The Postscript An awful lot of cheese
My husband, Peter, likes buying in bulk.
Peter hates paying shipping fees. He never wants to run out of anything and he loves a bargain. This is why we buy coffee in enormous bags, crackers by the case, nuts and raisins ten pounds at a time, rice in 20-pound bags, and beans in 50-pound bags. It is sometimes a little alarming when the boxes arrive.
I’m not quite sure how he got this way. Peter was the youngest child of six, but I don’t think his family went through any extraordinary hardship. My mother is the ninth of eleven children raised during the depression and she buys in modest quantities that last for no more than a week or fit in a small canvas bag—whichever is less.
Most recently, Peter decided to start ordering cheese direct from his favorite cheesemaker, but when he learned what he was going to be charged for shipping he began to fume.
“Ha! If I buy $100 at a time, I don’t pay shipping!” Peter announced, looking over the fine print on the cheesemaker’s website. He spoke with Ricky at the cheese shop and Ricky confirmed there would be no shipping charge if Peter just ordered enough cheese. Ricky recommended a nice gouda in addition to the lacy baby swiss Peter is fond of. Peter was delighted.
“Doesn’t $100 buy an awful lot of cheese?” I asked. Our house is small and our refrigerator generally filled to capacity.
“Oh, it’s not that much…” Peter did the calculations. “It’s only about twenty pounds!”
I couldn’t deny that was a good price per pound, but twenty pounds still sounded like an awful lot of cheese.
Then things were further complicated.
I had used this cheese company to buy birthday presents for my dad and they still had that address on file. Even though Peter made it quite clear this cheese was for us—not my father—we got a phone call from my dad about the time Peter was expecting his big cheese delivery.
“Hey, Peter!” my dad said, “Did you order us a big box of cheese?”
“Oh no!” Peter said.
My parents, who buy little tiny blocks of cheese which they cut into little tiny slices and serve on little tiny crackers at precisely five o’clock every evening with a small glass of white wine, were understandably taken aback by the arrival of twenty pounds of cheese.
“That’s a heck of a lot of cheese! Should we mail it to you?” my dad asked.

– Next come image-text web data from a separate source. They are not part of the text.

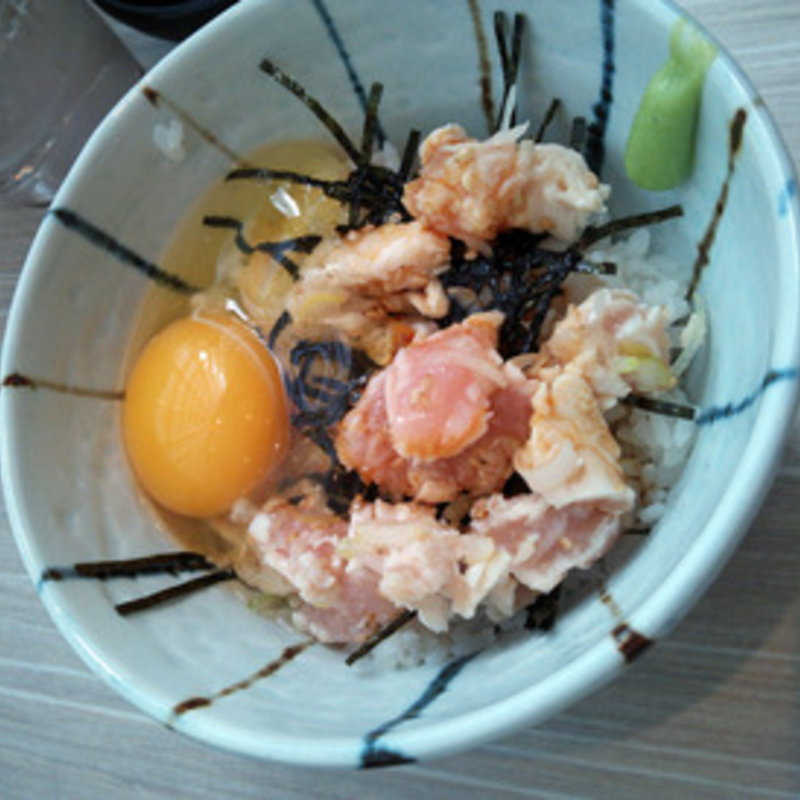 ささみユッケご飯(麺匠 桂邸)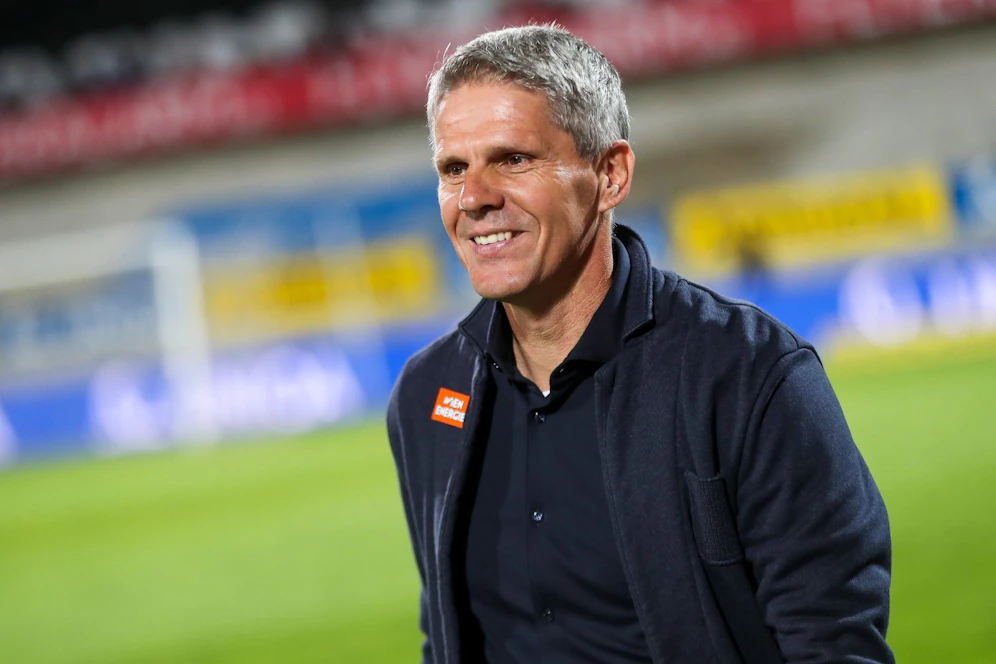 Rapid-Coach Didi Kühbauer freute sich über den Cup-Aufstieg gegen die Admira. 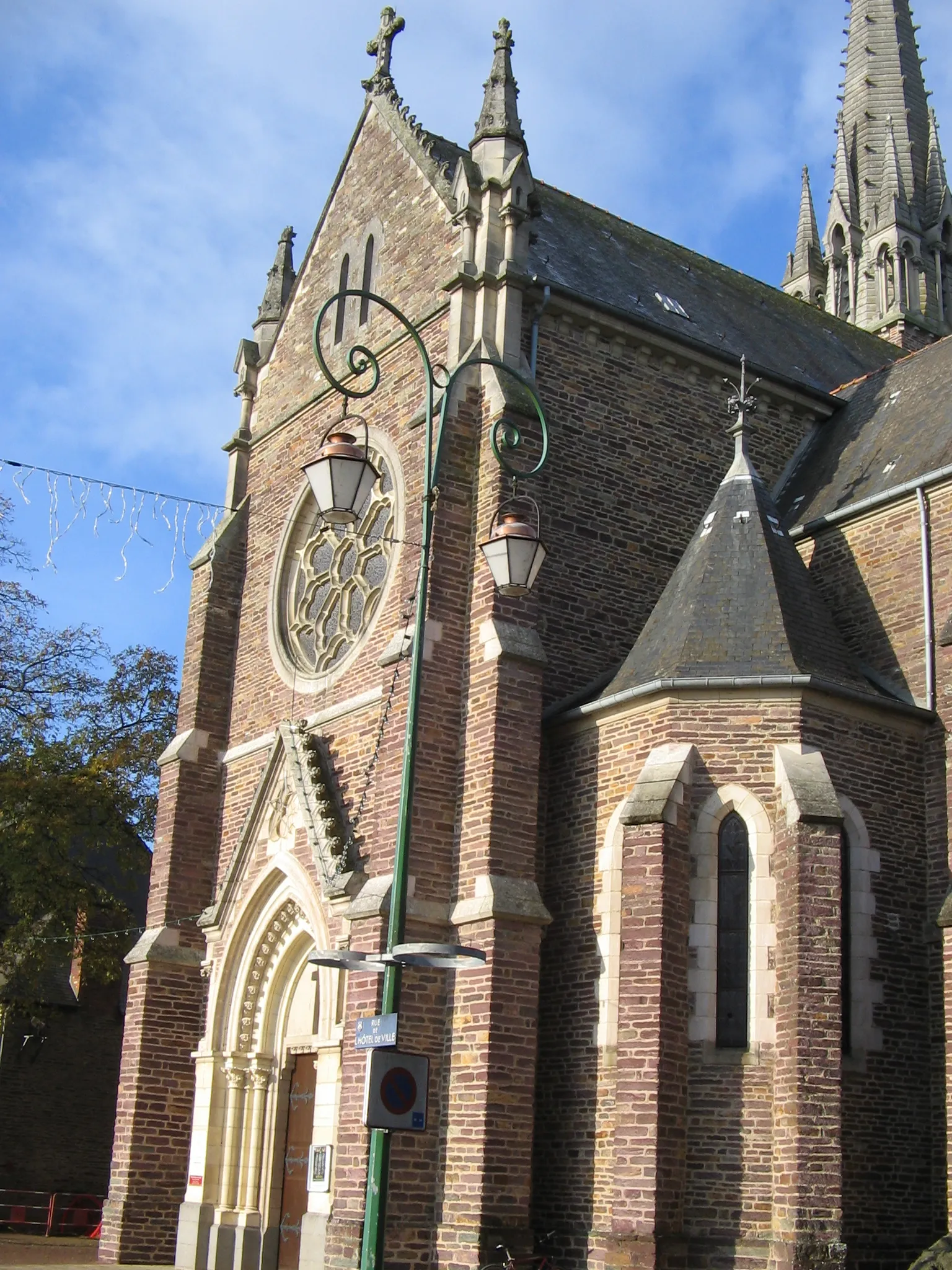 Photo showing: Église Saint-Martin de Cesson-Sévigné, 2005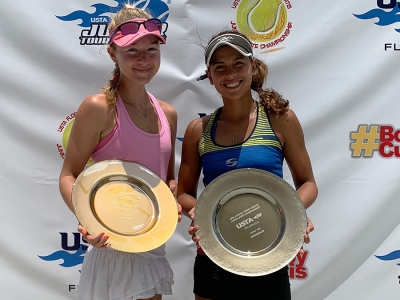 Girls-18s-Champion-and-Finalist-Sophia-Fornaris-and-Stephanie-Sanchez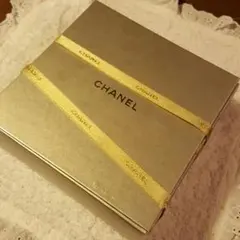 CHANEL　ギフトボックス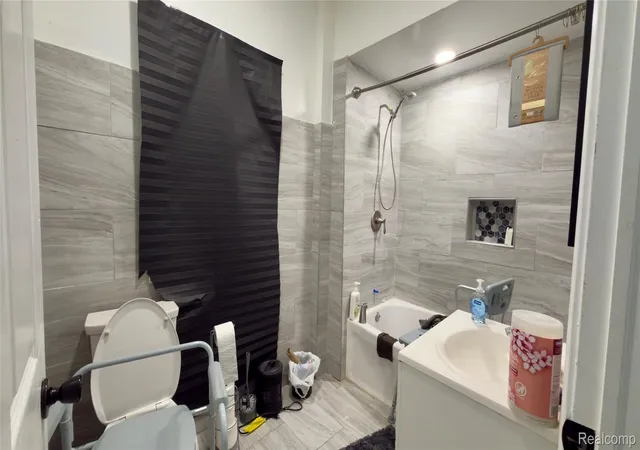 Photo 4 of Single family home for sale at 5120 Belvidere St, Detroit, MI 48213 | MLS# 20261053982 | Listing updated on 2026-08-04
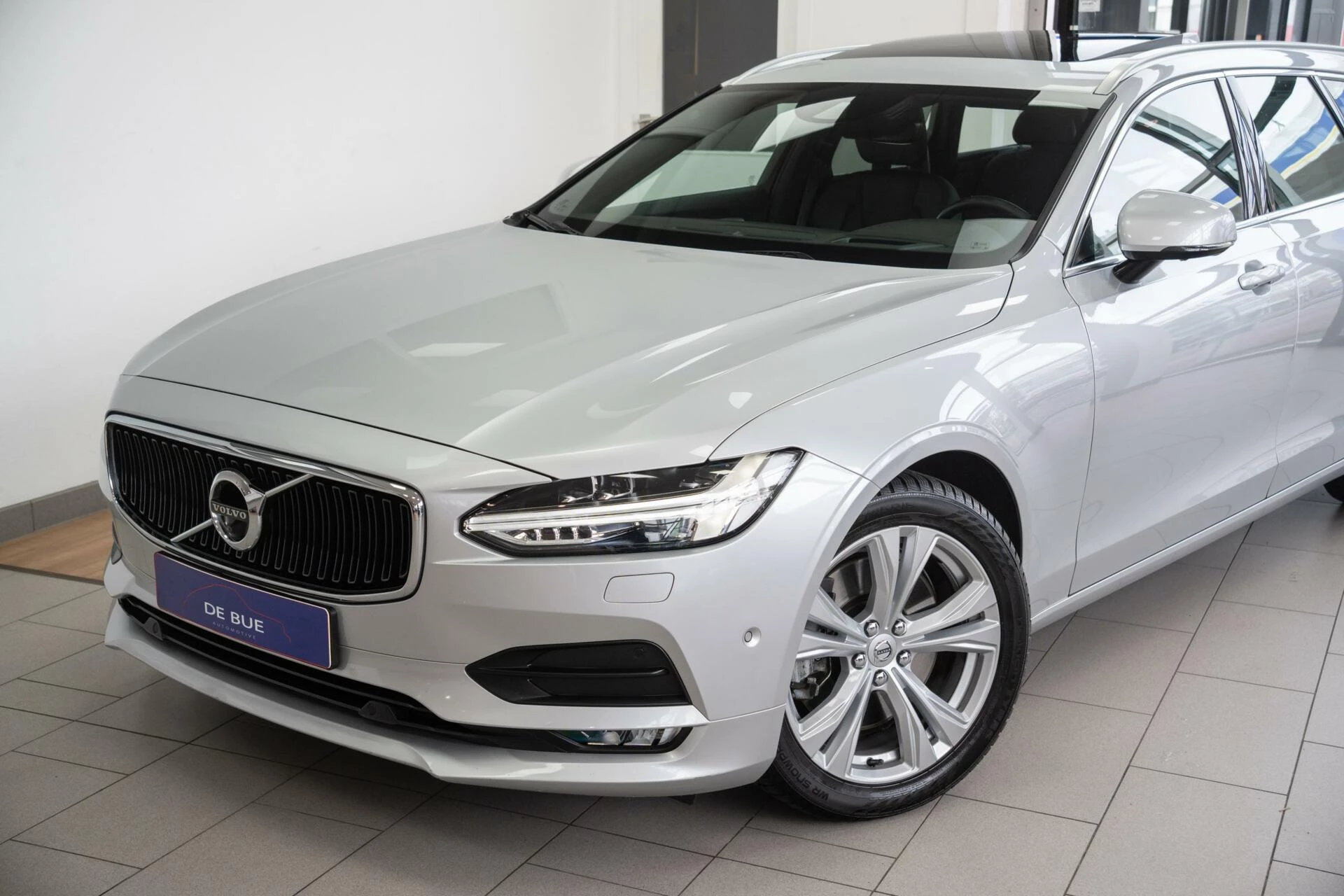 Hoofdafbeelding Volvo V90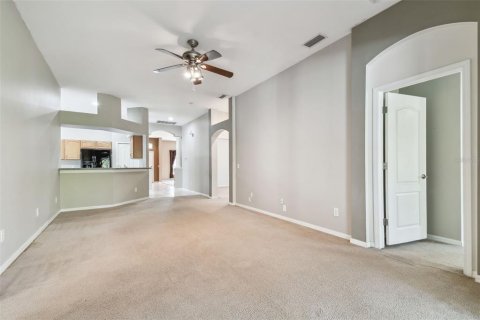 House in Land O' Lakes, Florida 4 bedrooms, 193.33 sq.m. № 1882943 - photo 21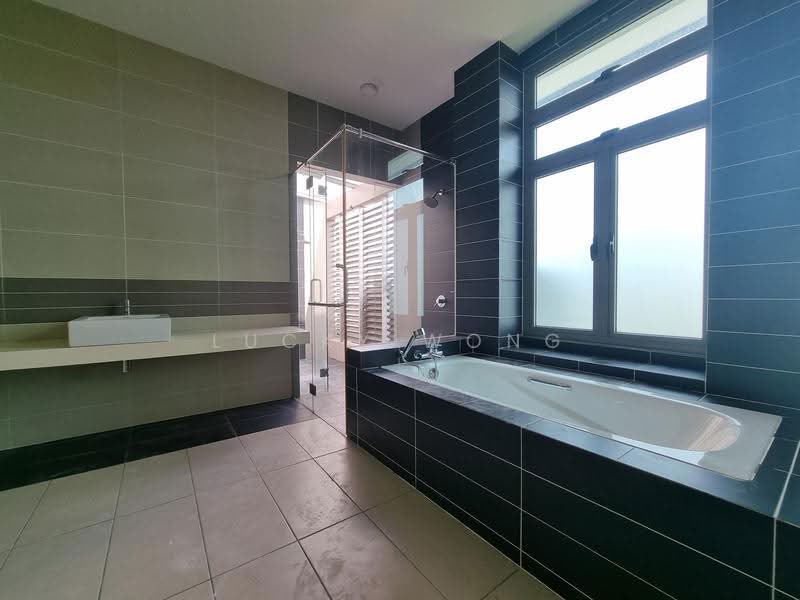 3-storey Terraced House for Sale in D'Island (Puchong) - Lucky Wong - Bathroom - PropertyGuru.com.my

Peter said they should just eat it and my mother expressed doubt that they would ever eat so much cheese in their lifetime.
“Oh! You’ll eat it!” Peter insisted.
“That’s an awful lot of cheese!” my mother protested.
“We can pick up what you don’t eat next time we see you!” Peter told her, and promptly ordered more cheese.
Ricky at the cheese company was appropriately contrite and gave Peter a generous discount on his new order so now we have forty pounds of cheese—twenty here and twenty in storage with my parents. I suspect this situation gives Peter a further feeling of security.
And, while I do shake my head from time to time, I also note that I have never once run out of coffee since I married Peter. We always have plenty of beans and rice to eat and now, I am quite certain, we will never run short of cheese.
In a chaotic world filled with unknowns, uncertainties, and nearly constant change, it’s good to know we’ve got the essentials covered.